The Supreme Court’s Republican majority has been ruthless in applying the Purcell principle to strike down lower court orders that made it easier to vote. The Republican National Committee case, for example, ordered certain mail-in ballots tossed out because the lower court judge who ordered those ballots counted did so too close to an election day. Justice Brett Kavanaugh also relied on the Purcell principle when he joined a decision reinstating a requirement that South Carolina absentee voters have their ballots signed by a witness.
But the Court has shown much less enthusiasm for the Purcell principle when Republican litigants try to make it harder to vote.
In Republican Party of Pennsylvania v. Boockvar, four justices — Clarence Thomas, Samuel Alito, Neil Gorsuch, and Kavanaugh — all voted to change Pennsylvania’s election rules to exclude certain late-arriving absentee ballots. And they voted to make this change less than two weeks before the election.
Notably, newly confirmed Justice Amy Coney Barrett was not on the Court when Republican Party first came before the justices. It is likely that she would have provided the fifth vote to change Pennsylvania’s election rules to make them harsher, if she had participated in the Republican Party case.
Justices Thomas, Alito, and Gorsuch, meanwhile, threatened to toss out the relevant Pennsylvania ballots after the election has already taken place. And they may do the same in a similar case out of North Carolina.
Given this behavior, it’s understandable why Hollins decided to shut down the nine drive-through polling sites. It’s no longer possible for election lawyers to give their clients reliable advice about what those clients can and cannot do.
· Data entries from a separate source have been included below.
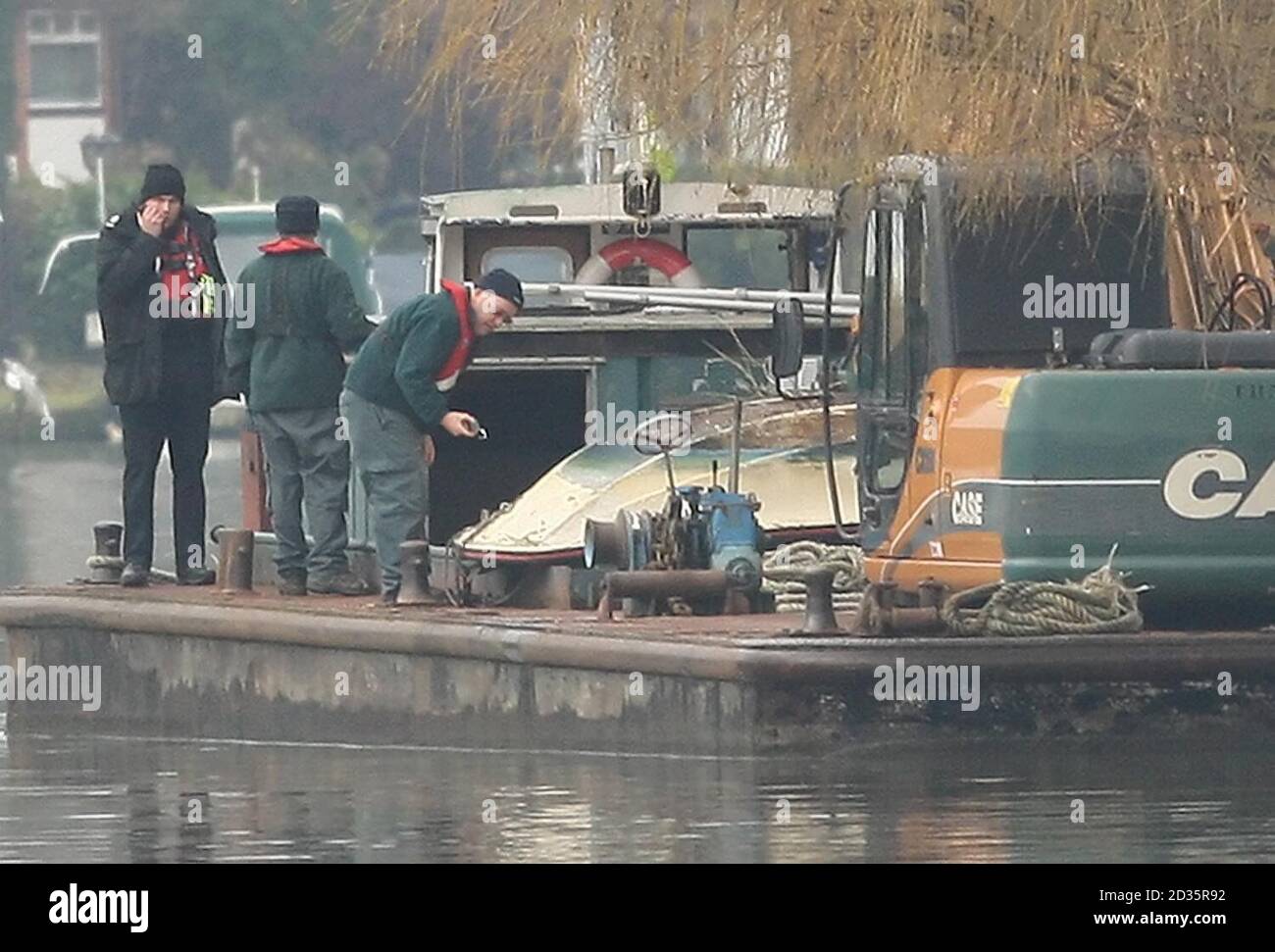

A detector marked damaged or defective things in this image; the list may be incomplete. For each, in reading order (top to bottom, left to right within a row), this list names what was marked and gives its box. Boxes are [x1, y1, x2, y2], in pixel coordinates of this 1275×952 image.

rusty barge hull [2, 588, 1275, 754]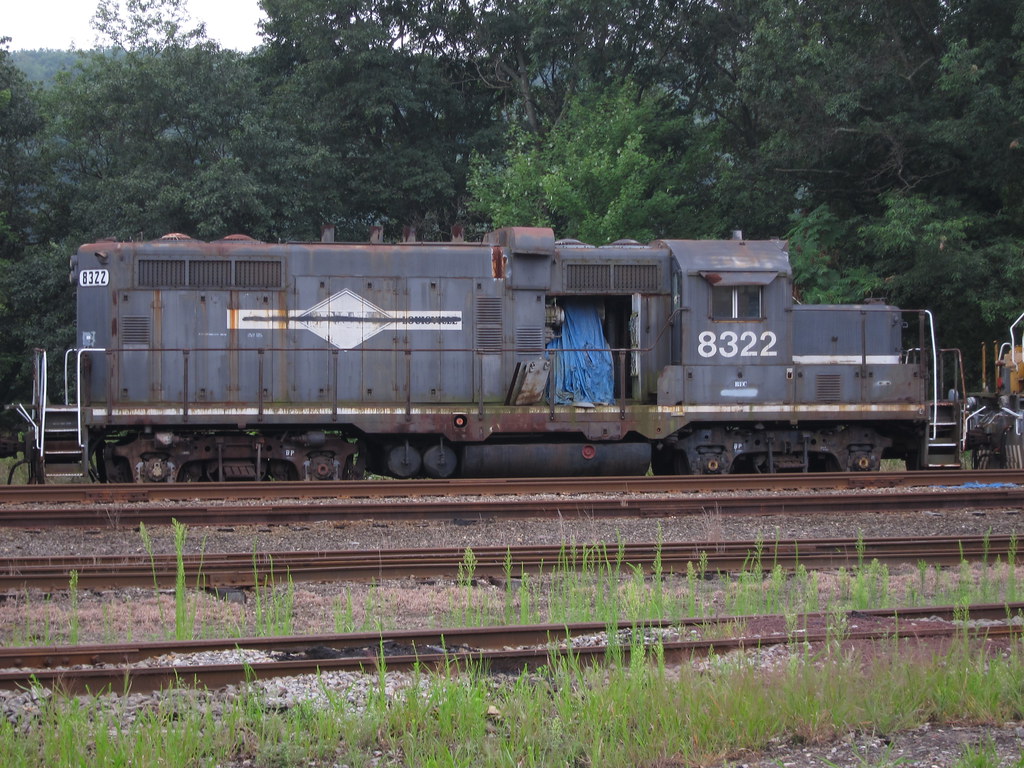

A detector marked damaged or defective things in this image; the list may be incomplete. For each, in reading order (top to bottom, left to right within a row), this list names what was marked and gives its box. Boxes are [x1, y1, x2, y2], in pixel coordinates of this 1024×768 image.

rusty metal body [20, 225, 952, 484]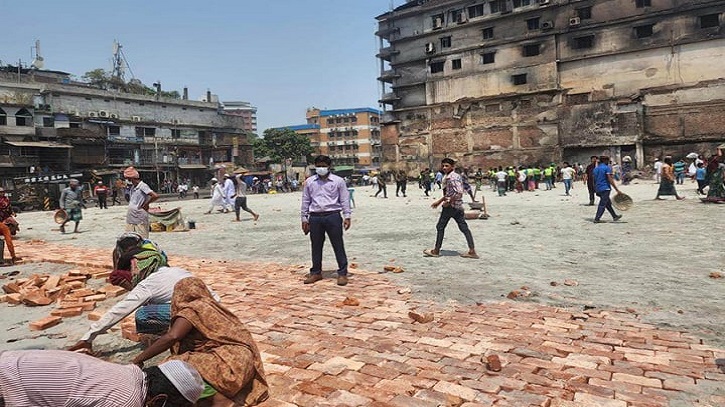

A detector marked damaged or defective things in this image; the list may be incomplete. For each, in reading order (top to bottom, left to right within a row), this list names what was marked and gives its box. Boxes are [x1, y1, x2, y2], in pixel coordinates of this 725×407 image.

damaged building facade [0, 68, 253, 191]
burnt multi-storey building [0, 68, 253, 191]
damaged building facade [376, 0, 724, 171]
burnt multi-storey building [376, 0, 724, 171]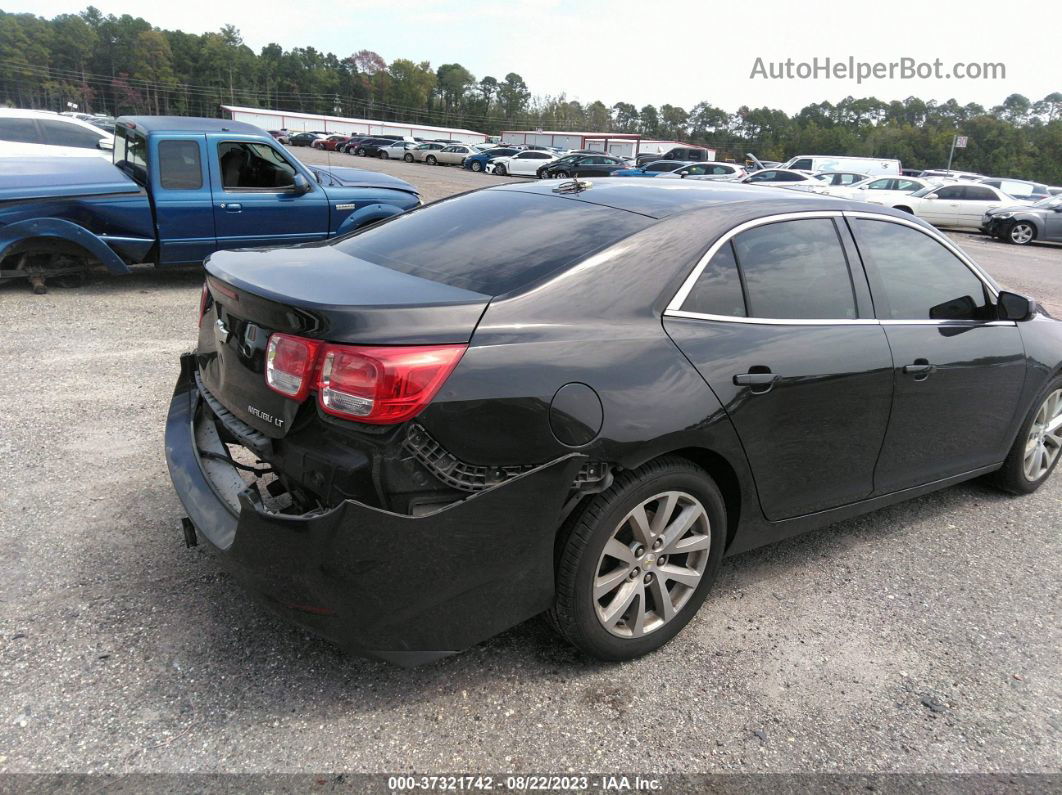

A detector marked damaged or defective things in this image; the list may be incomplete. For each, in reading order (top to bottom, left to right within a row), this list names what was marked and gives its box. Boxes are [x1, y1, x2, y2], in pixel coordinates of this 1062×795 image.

crushed rear bumper [164, 354, 592, 664]
damaged vehicle [166, 179, 1062, 664]
damaged black sedan [166, 180, 1062, 664]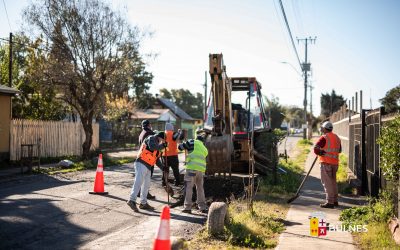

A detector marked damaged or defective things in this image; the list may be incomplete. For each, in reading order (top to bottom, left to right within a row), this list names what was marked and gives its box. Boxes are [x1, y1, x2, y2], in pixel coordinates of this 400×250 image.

And the Supreme Court appears to be applying doctrines like the Purcell principle in an erratic — or potentially even a partisan — way.
For these reasons, county clerks like Hollins can’t be certain that their actions will be upheld by the courts, or that voters won’t have their ballots tossed out for arbitrary reasons, even if existing law says that such ballots should be counted. That means that polling sites will be shut down and election officials will take other actions that make it harder to vote, not because the law requires such actions, but because election officials are plagued by uncertainty about what the courts will do.